To truly succeed in an online classroom setting and get the most out of your distance education, here are some tips for networking within the online classroom setting:
- Read instructions and guidelines before diving in to the discussion. If you are unfamiliar with the mode of communication the institution uses, reviewing archived discussions can be helpful in this regard.
- Be clear and courteous in communicating. Avoid sarcasm or comments that could be subject to misinterpretation. Always proofread your comments and consider their tone before posting.
- Pay attention to others and take notes. If other students have posted their bios, be sure to read through them and possibly keep a record of them for future reference. Also, make note of where other students are from; you could find global as well as local connections.
- Don’t dominate a discussion. Make sure your comments are thoughtful and add something to the discussion rather than just taking up space.
- Encourage others to talk about their academic and professional experiences.
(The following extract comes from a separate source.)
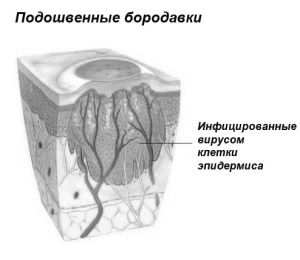 стопі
This includes professors as well, who typically have a wealth of knowledge and connections.
The term “networking” is quickly evolving along with modern technology. The use of Facebook groups allows students to become acquainted with each other before classes even start, and tools like LinkedIn and online alumni networks are expanding graduates’ opportunities far beyond just the local job market. According to a survey conducted by NACE, 37% of 2010 graduates reported using a social networking site in their job search. While this is still a minority, it is a significant increase from the 16% reported in 2009.
Most will still agree that a combination of online networking and face-to-face meetings is best, but times are changing quickly. For example, across a variety of industries, there is a movement away from paper business cards. In fact, in 2011, LinkedIn – a popular business-oriented social networking site – surpassed 100 million members. This site, used by 69% of Fortune 100 companies, is becoming more and more popular as a way to form and maintain work relationships and partnerships.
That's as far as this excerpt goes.